[Web page caption snippets]
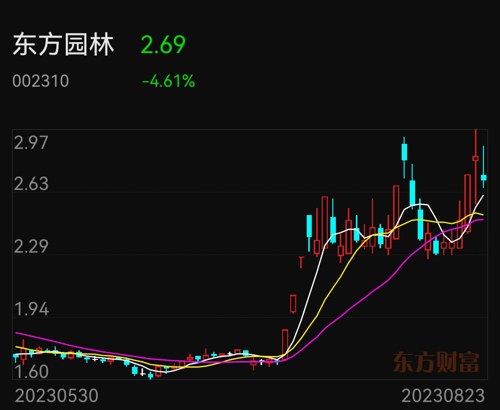 东方园林公司最新动态报道概览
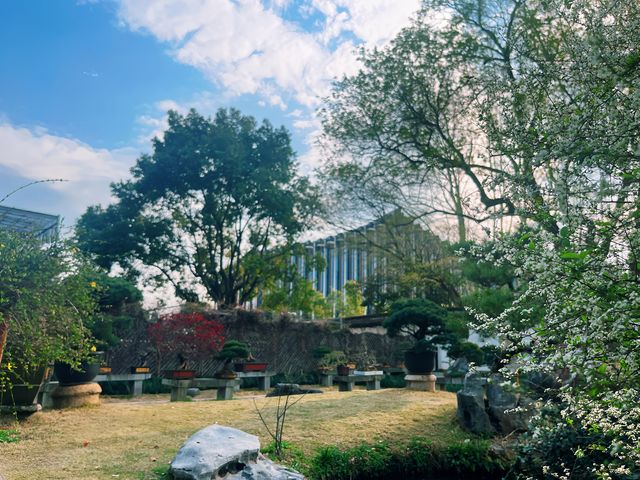醉白池—松江小眾探尋春季之旅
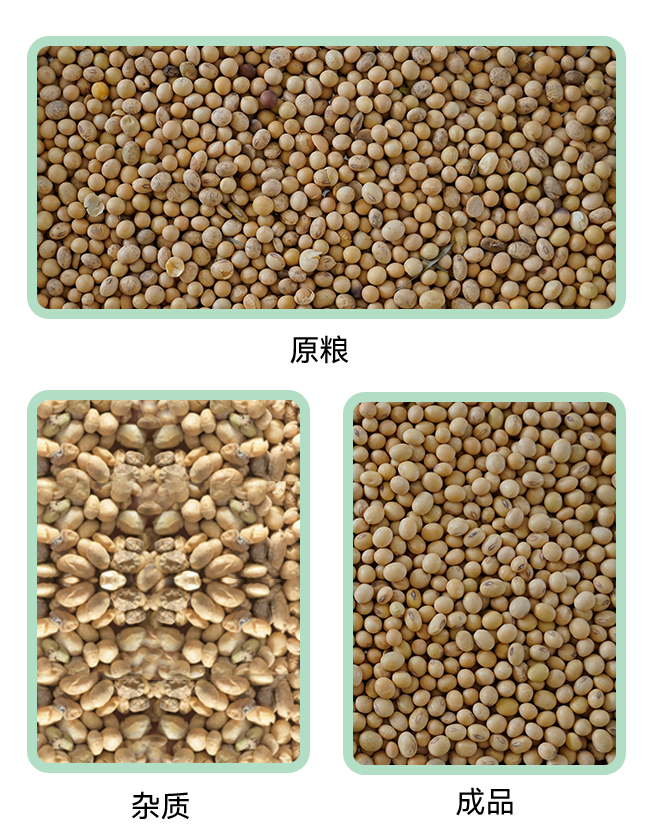 1769412151986247.jpg 5XZ-6小程序.jpg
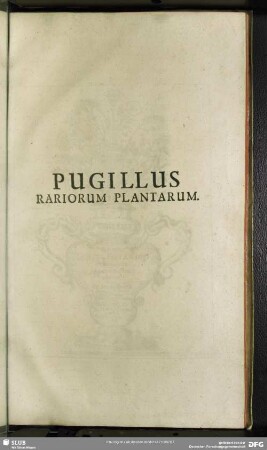 Pugillus Plantarum Rariorum cum Figuris aliquot aeneis & brevibus descriptionibus ...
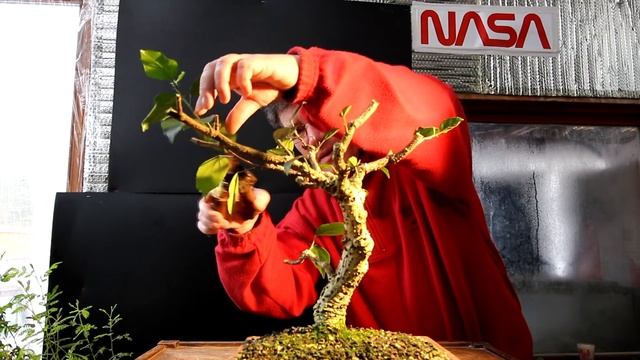 Hibiscus Bonsai And More, The Bonsai Zone, Feb 2019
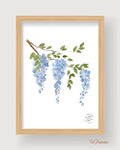 Impression Aquarelle Glycine | Illustration Florale sur Papier 300g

- **Instructions to follow**
Here the lines from the one with "1769412151986247.jpg 5XZ-6小程序.jpg" through the last line of the data above need to be repeated exactly, both included, and any picture omitted.

- **Answer**
 1769412151986247.jpg 5XZ-6小程序.jpg
 Pugillus Plantarum Rariorum cum Figuris aliquot aeneis & brevibus descriptionibus ...
 Hibiscus Bonsai And More, The Bonsai Zone, Feb 2019
 Impression Aquarelle Glycine | Illustration Florale sur Papier 300g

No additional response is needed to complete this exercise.